Zons im 15. Jahrhundert: Eine unter mysteriösen Umständen ermordete Frau wird im Burggraben aufgefunden. Bastian Mühlenberg von der Stadtwache nimmt sich des Falls an. Schnell wird ihm klar, dass hinter dem Verbrechen ein noch viel größeres, giftigeres Geheimnis stecken muss. Dann holt ihn ein Dämon seiner eigenen Vergangenheit ein und weist überraschend einen Weg, der zum Täter führen könnte.

Zons im 21. Jahrhundert: Kommissar Oliver Bergmann wird in die Wohnung des Zonser Stadtrats gerufen. Dort wurde die Leiche des Mannes, der durch ertrinken starb, gefunden. Außerdem hatte das Opfer einen bizarren Drogencocktail im Blut. Nur der erste Tatort einer unerklärlichen Mordserie.

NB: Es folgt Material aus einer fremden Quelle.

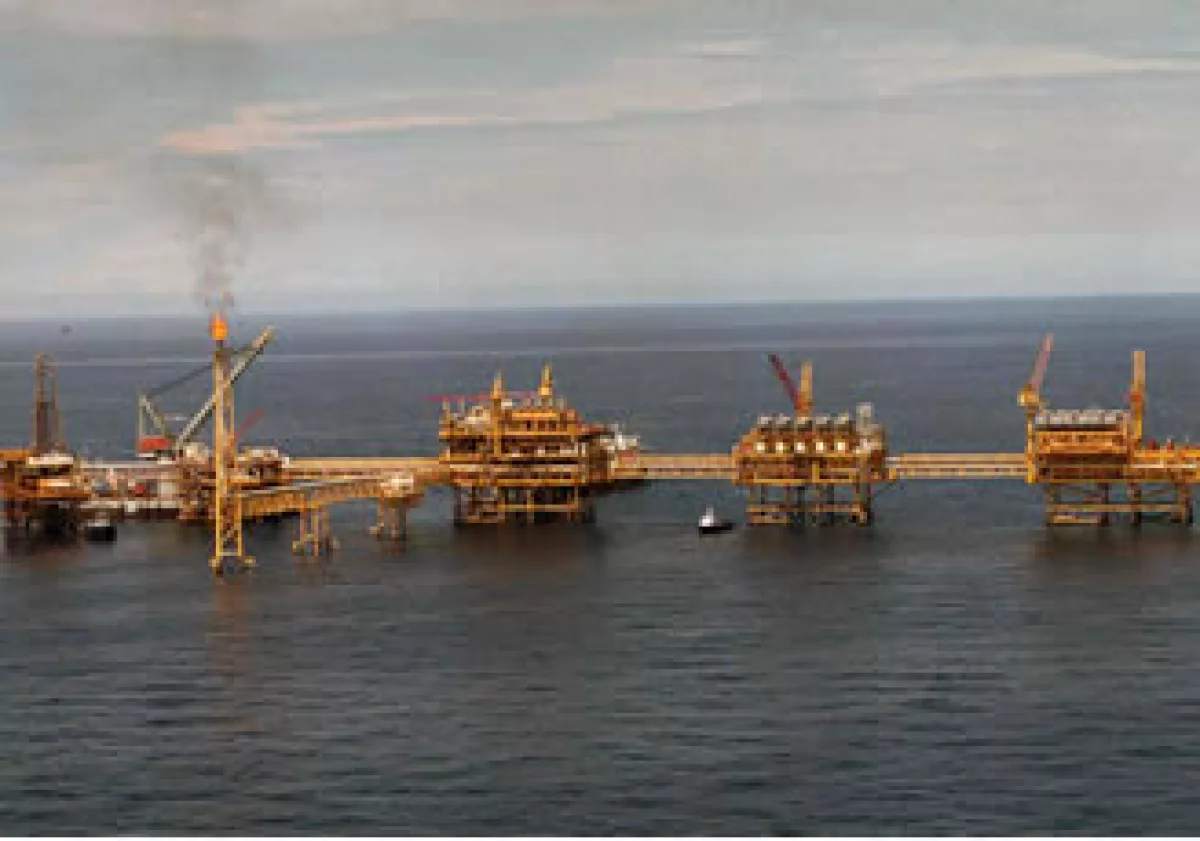 EU restringió las operaciones de empresas petroleras mar adentro mientras se aclaran las causas del derrame en el Golfo. (Archivo)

Unterdessen bekämpft eine junge Mutter ihre Angstzustände mit einem dem Markt unbekannten Medikament und beginnt zu halluzinieren. Nebenwirkungen, die in doppelter Hinsicht tödlich sein können und die die Aufmerksamkeit des Kommissars auf sich ziehen.

Mit ihrem Krimi Auf den Flügeln der Angst lädt Catherine Shepherd ihre Leser bereits ein viertes Mal nach Zons ein, um auf Verbrecherjagd zu gehen. Der Startschuss für einen packenden Wettlauf um Leben und Tod hallt durch die Zeit.

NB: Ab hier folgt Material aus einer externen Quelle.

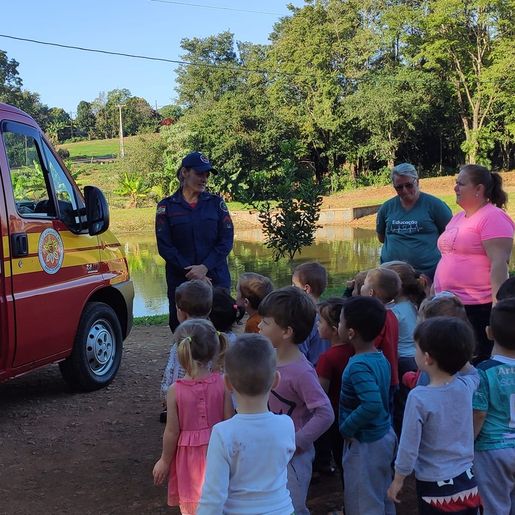 Meios de transporte é trabalhado no CMEI Pequenos Anjos de Princesa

Das Figurenensemble, welchem Catherine Shepherd in ihrem neusten Werk eine Bühne schenkt, besteht aus Charakteren mit deutlichem Profil. Die Gier nach Profilierung wird dabei ebenso zu einem zeitlosen Charakterzug wie die Sehnsucht nach innerem Frieden. Bastian Mühlenberg und Oliver Bergmann verleihen dem Streben nach Gerechtigkeit abermals ihre Stimme, während die Autorin ein neues Opfer-Täter-Netz spannt, dessen Elastizität dramaturgisch gekonnt ausgereizt wird.

Als Kulisse dient, wie bei den Vorgängern der Reihe, die niederrheinische Stadt Zons. Mit bestechender Wirksamkeit fühlt sich der Leser in die nebulösen Geschehnisse des Mittelalters versetzt. Nicht minder gelingt es Catherine Shepherd das Zons der Gegenwart zu einem Schauplatz menschlicher Abgründe, skrupelloser Dominanz und lähmender Angst zu machen.

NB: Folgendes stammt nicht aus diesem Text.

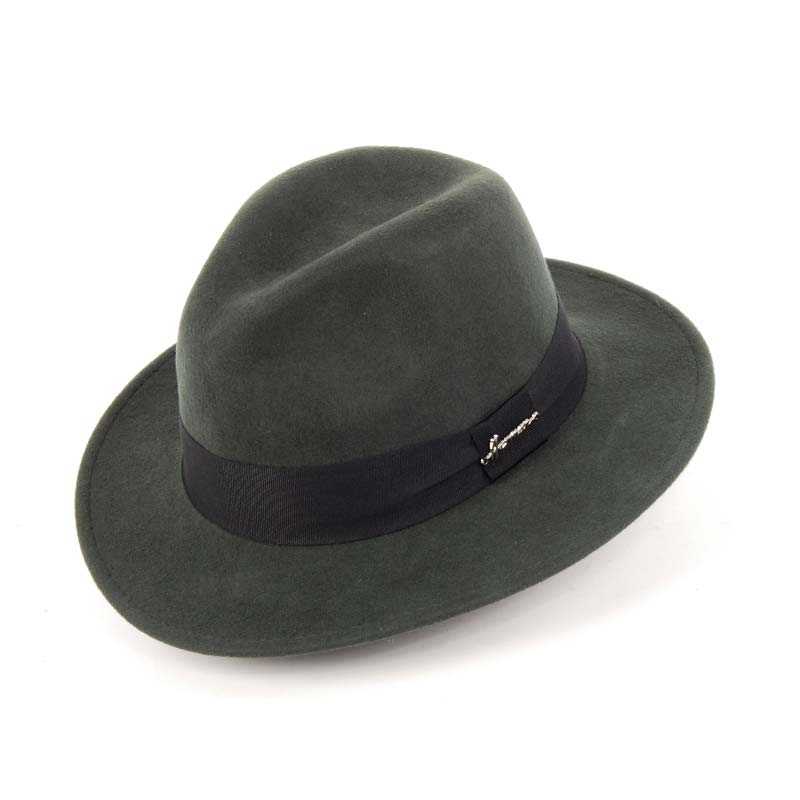 sombrero de sport en color verde.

Die Autorin verknüpft auf lebhafte Weise brisante Handlungsstränge der Historie mit denen der heutigen Zeit. Scharfsinnige Leichtigkeit und hintergründige Schwere gehen nahtlos ineinander über und ergänzen sich glänzend. Eine Ganzheitlichkeit, die mich beeindruckt hat. Die präzise recherchierte Realität wird durch die Hinzugabe von ambitionierter Fiktion zu einem wirksamen Elixier.

Der stete Wechsel zwischen den Jahrhunderten sorgt für einen kontinuierlich wachsenden Spannungsbogen. Und trotz der verhältnismäßig übersichtlichen Variablen, gelingt es der Autorin mithilfe des einen oder anderen Überraschungsmoments für ein gebührendes Finale zu sorgen.

Summa summarum ein Roman, der Krimifans und Geschichtsliebhaber sich ein und dieselbe Lektüre teilen lässt. Nicht nur die Grenzen zwischen den Zeiten, sondern auch die zwischen menschlichen Beziehungen verschwimmen zu einem triftigen Mosaik.

FZIT: Historisch. Wirkungsvoll. Abgründig.